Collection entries
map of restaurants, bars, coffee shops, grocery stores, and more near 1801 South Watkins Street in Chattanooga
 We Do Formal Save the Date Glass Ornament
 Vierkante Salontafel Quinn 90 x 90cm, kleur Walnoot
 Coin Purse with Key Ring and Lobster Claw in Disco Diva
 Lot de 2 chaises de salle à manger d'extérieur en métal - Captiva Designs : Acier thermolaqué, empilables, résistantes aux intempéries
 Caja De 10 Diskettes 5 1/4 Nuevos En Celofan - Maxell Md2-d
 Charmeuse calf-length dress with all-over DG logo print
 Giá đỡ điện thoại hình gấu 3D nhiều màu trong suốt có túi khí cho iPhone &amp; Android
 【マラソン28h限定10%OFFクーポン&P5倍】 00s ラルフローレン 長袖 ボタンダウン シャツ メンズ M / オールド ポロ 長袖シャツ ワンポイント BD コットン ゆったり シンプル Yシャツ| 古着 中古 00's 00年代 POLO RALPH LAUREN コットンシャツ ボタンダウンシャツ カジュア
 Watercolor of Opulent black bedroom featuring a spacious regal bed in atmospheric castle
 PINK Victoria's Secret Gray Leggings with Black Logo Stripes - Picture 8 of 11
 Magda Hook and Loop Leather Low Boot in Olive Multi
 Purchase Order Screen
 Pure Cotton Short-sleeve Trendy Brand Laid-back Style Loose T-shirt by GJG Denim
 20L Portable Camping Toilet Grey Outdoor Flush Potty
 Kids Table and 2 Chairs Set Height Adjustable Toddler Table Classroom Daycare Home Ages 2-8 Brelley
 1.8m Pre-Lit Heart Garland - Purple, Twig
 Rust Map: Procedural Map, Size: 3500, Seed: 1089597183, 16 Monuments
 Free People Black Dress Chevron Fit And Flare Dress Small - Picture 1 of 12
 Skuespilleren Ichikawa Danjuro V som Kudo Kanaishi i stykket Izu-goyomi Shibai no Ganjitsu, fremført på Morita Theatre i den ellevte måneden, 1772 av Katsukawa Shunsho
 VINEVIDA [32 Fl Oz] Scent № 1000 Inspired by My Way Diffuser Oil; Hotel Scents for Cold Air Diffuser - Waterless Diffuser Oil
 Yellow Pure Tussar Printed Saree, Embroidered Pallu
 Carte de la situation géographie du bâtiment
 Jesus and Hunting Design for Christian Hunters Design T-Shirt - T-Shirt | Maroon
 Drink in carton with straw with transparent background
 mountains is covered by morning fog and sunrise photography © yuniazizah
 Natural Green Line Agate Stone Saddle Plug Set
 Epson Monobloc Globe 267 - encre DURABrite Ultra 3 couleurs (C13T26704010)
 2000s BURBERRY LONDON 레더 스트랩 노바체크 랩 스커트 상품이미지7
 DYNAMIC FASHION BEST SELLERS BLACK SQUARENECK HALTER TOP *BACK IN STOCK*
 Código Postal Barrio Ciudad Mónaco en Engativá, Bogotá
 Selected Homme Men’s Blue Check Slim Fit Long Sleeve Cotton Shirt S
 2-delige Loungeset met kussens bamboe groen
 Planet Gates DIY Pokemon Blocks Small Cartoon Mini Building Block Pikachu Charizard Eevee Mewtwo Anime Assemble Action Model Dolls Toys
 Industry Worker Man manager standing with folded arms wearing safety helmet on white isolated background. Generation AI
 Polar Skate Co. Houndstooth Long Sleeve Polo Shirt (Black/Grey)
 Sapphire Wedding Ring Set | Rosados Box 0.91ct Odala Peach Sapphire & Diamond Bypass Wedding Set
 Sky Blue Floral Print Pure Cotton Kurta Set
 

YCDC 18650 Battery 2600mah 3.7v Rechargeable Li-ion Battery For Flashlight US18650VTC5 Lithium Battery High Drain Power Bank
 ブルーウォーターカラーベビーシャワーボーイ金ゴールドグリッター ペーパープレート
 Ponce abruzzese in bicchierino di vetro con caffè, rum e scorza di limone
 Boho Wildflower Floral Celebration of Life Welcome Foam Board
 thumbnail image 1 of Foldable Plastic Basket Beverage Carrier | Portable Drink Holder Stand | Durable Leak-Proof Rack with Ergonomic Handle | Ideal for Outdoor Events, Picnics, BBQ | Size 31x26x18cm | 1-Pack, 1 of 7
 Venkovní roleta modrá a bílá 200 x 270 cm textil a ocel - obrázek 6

● **Exercise aim**
For the string "Grey", return every line of the data where it appears.

● **Answer to this problem**
 20L Portable Camping Toilet Grey Outdoor Flush Potty
 Polar Skate Co. Houndstooth Long Sleeve Polo Shirt (Black/Grey)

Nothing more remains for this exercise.